Mention abuse or abusive behavior to most people and they will automatically think about violence, such as wife beater crime that they see on television. They will conjure up an image in their head of a man who beats his wife and possibly his children being led away by the police in handcuffs. However, domestic abuse takes many forms, including emotional abuse which can be just as damaging and leave the same scars on the victims.
Emotional abuse can take many forms. Both men and women are equally liable for emotional abuse in a relationship. In most cases, this form of abuse is not relegated strictly between the spouses in a family situation, but also on children. Emotional abuse differs from verbal abuse as it is more subtle. Where we may see verbal abuse as name calling and loud tirades of screaming, emotional abuse can be something as subtle as constantly putting someone down for any efforts that they make.
Anyone can be a victim of emotional abuse. The tricky thing about this form of abuse is that technically it is not a crime.
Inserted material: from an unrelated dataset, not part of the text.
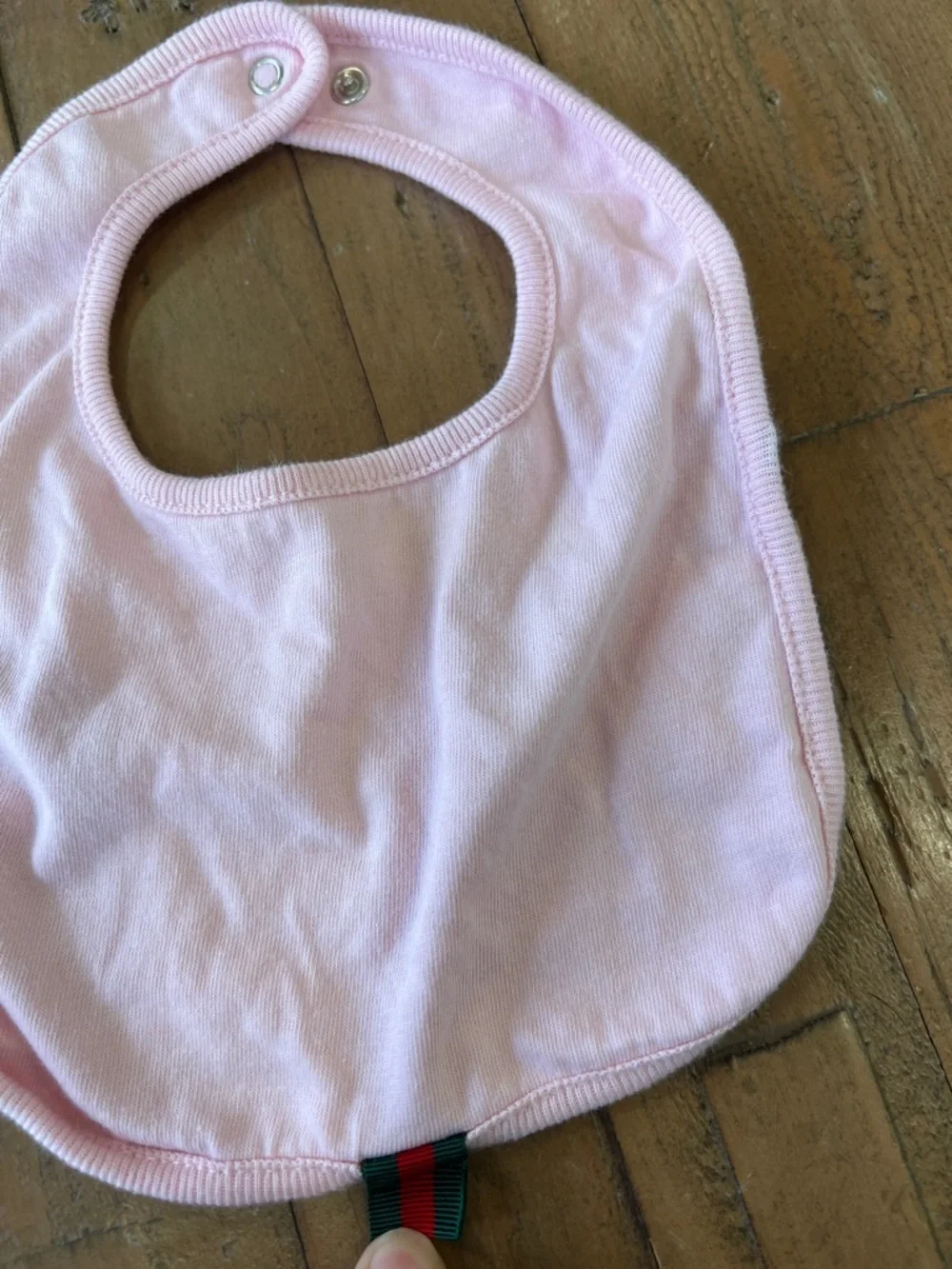 Gucci pale pink cotton bib 3-6 months grosgrain logo tag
While batterers will face a criminal charge for attacking others with violence, emotional abuse is something that usually occurs for the length of the relationship. Emotional abuse from a parent to a child can even follow them into adulthood.
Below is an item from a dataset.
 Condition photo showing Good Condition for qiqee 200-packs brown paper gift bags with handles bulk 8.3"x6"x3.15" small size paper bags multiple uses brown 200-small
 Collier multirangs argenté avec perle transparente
One form of emotional abuse that is not often discussed is a parent who continually looks for shortcomings in their child. A child may strive desperately to please their parent or parents in their endeavors, only to be cut to the quick when the parent rejects their efforts. Those who perpetrate emotional abuse usually have a very low self esteem and are people who although may appear congenial to others, are difficult to please by those around them. A child who grows up with emotional abuse will typically have a very low self esteem that will make them act out in various ways. They may seek to gain emotional fulfillment by looking for it through others, often not in healthy ways.
Abuse is all about control. This goes for sexual abuse, violence, spiritual abuse as well as emotional abuse. Those who perpetrate any form of abuse are usually seeking to control another person through their behavior. Some of the abusive behavior is evident and can be spotted and even prosecuted as a crime. However, in the case of emotional abuse, the crime is hidden. Many children who are the victims of emotional abuse by their parents never even realize the extent of the abuse until long into adulthood . In many cases, children who are victims of emotional abuse will perpetrate the same abuse onto their own children, often without even realizing that they are doing this.